** ASSIGNMENT **
Would you copy exactly the lines in the data below from the one that has "Γυναικείο αμάνικο μπλουζάκι" through the one that has "Yoga Instructor |", dropping any pictures?

** DATA RECORDS **
============

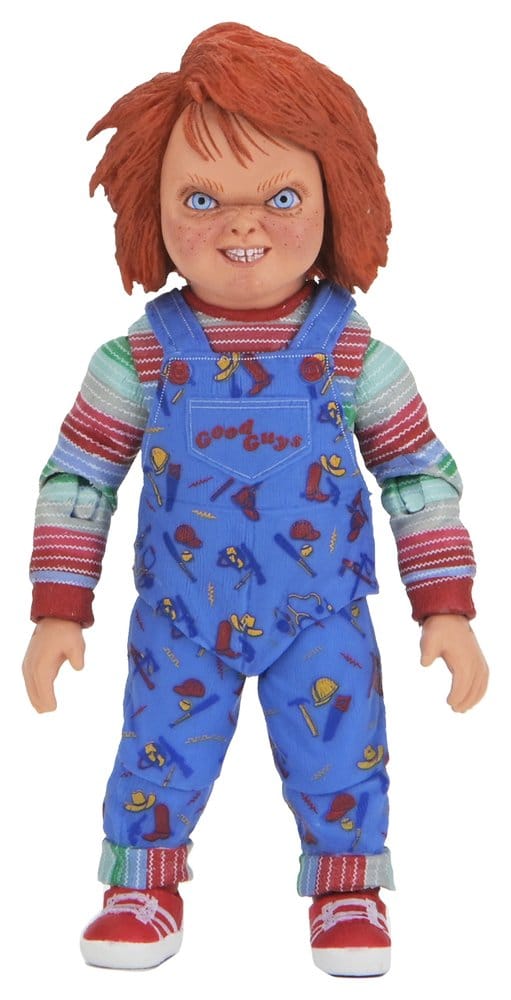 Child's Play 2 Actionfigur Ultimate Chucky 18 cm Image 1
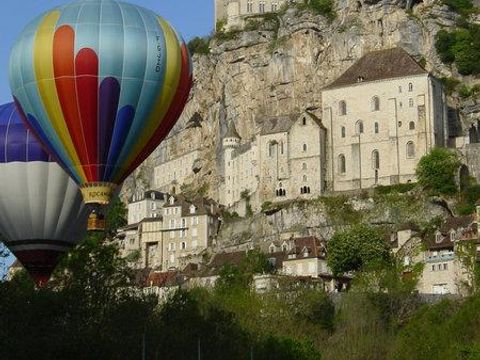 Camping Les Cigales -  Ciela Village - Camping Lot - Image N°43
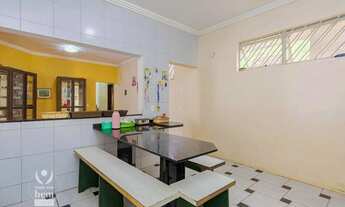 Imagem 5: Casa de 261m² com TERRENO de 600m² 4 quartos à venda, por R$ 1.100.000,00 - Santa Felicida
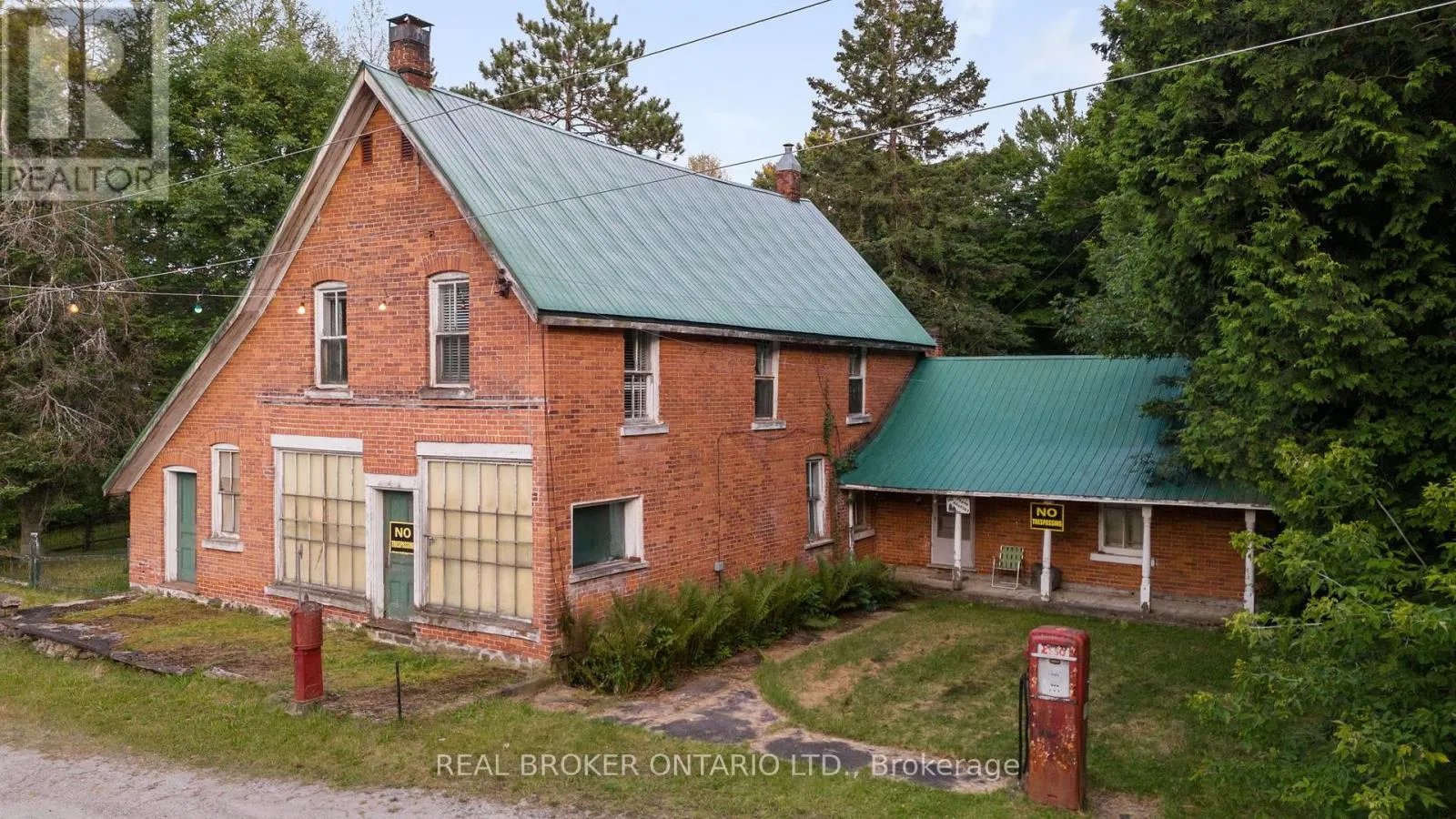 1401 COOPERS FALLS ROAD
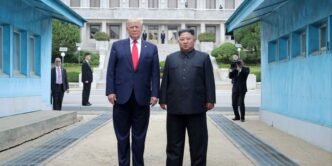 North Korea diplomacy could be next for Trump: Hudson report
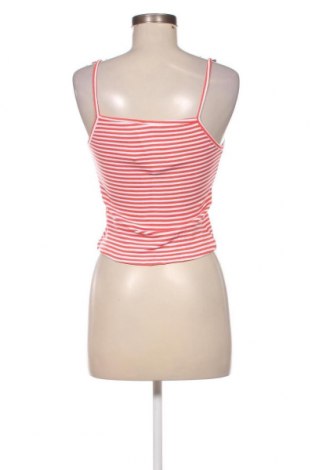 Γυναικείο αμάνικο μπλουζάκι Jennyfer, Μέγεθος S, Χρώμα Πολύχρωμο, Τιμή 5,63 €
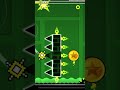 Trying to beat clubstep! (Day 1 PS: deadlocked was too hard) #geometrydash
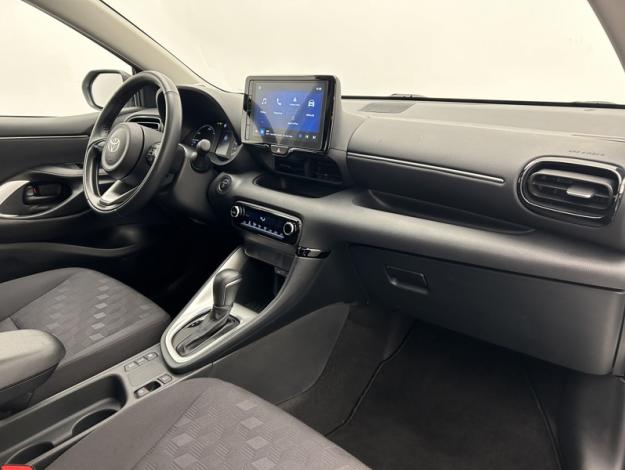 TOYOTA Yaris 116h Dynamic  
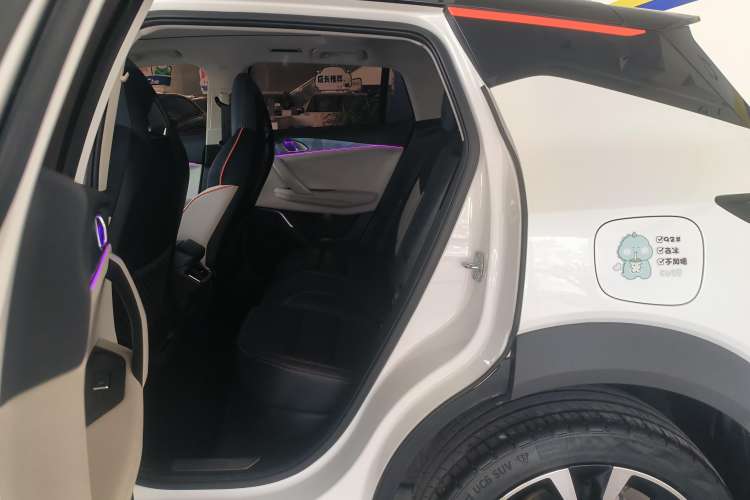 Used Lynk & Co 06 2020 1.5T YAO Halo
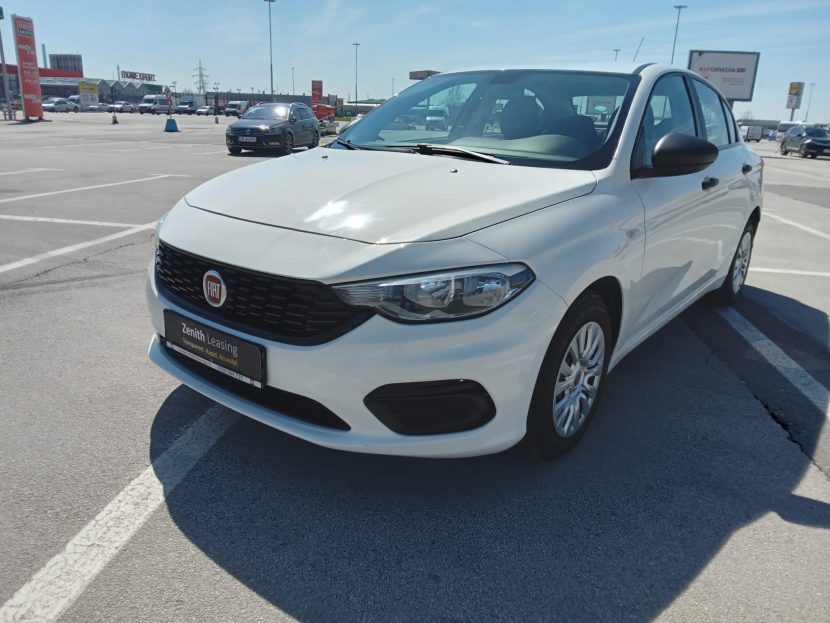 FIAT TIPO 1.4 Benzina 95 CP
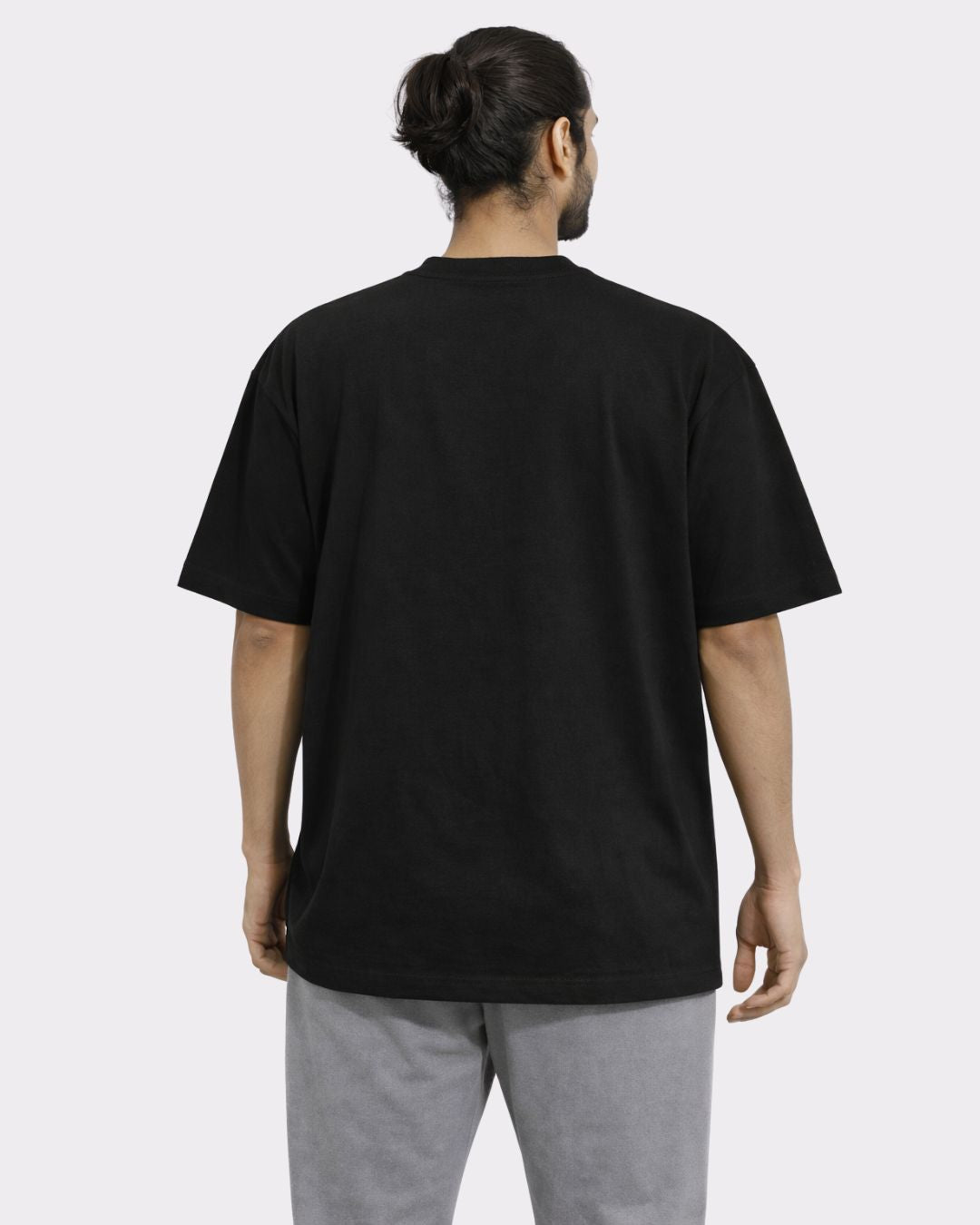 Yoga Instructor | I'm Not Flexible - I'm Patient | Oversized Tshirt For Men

============

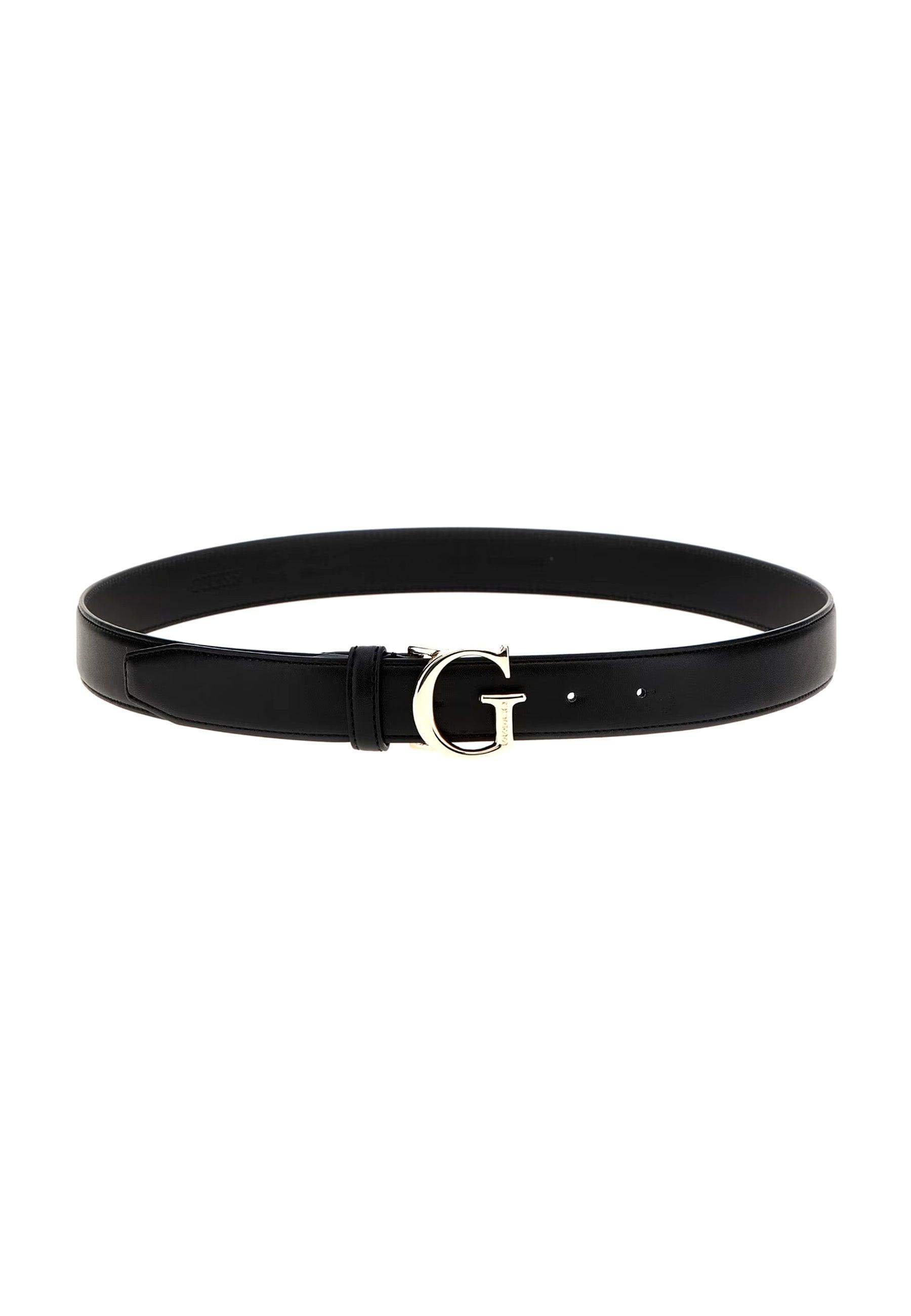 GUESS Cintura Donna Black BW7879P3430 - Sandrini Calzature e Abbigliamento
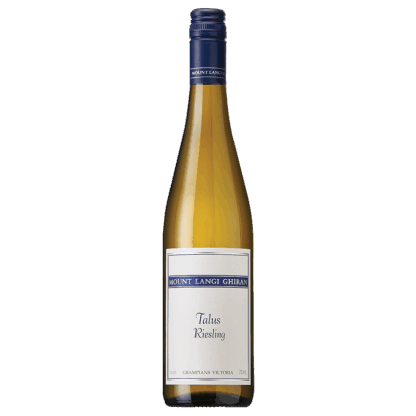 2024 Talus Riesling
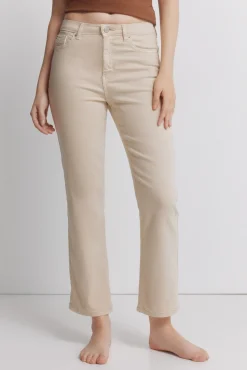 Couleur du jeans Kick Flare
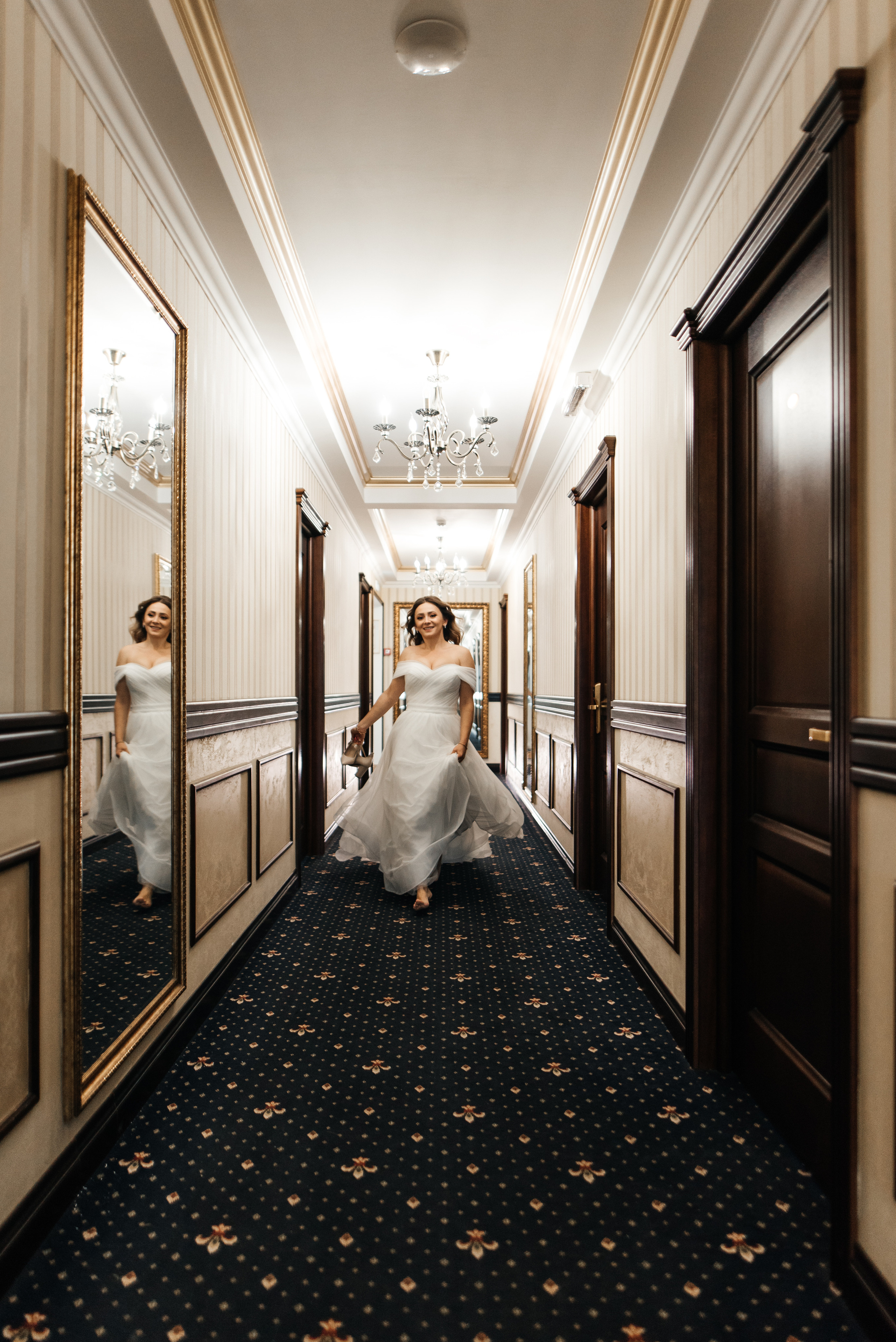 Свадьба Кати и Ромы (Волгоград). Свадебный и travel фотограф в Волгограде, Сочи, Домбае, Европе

============

** SOLUTION FOR THIS TASK **
 Γυναικείο αμάνικο μπλουζάκι Jennyfer, Μέγεθος S, Χρώμα Πολύχρωμο, Τιμή 5,63 €
 Trying to beat clubstep! (Day 1 PS: deadlocked was too hard) #geometrydash
 TOYOTA Yaris 116h Dynamic  
 Used Lynk & Co 06 2020 1.5T YAO Halo
 FIAT TIPO 1.4 Benzina 95 CP
 Yoga Instructor | I'm Not Flexible - I'm Patient | Oversized Tshirt For Men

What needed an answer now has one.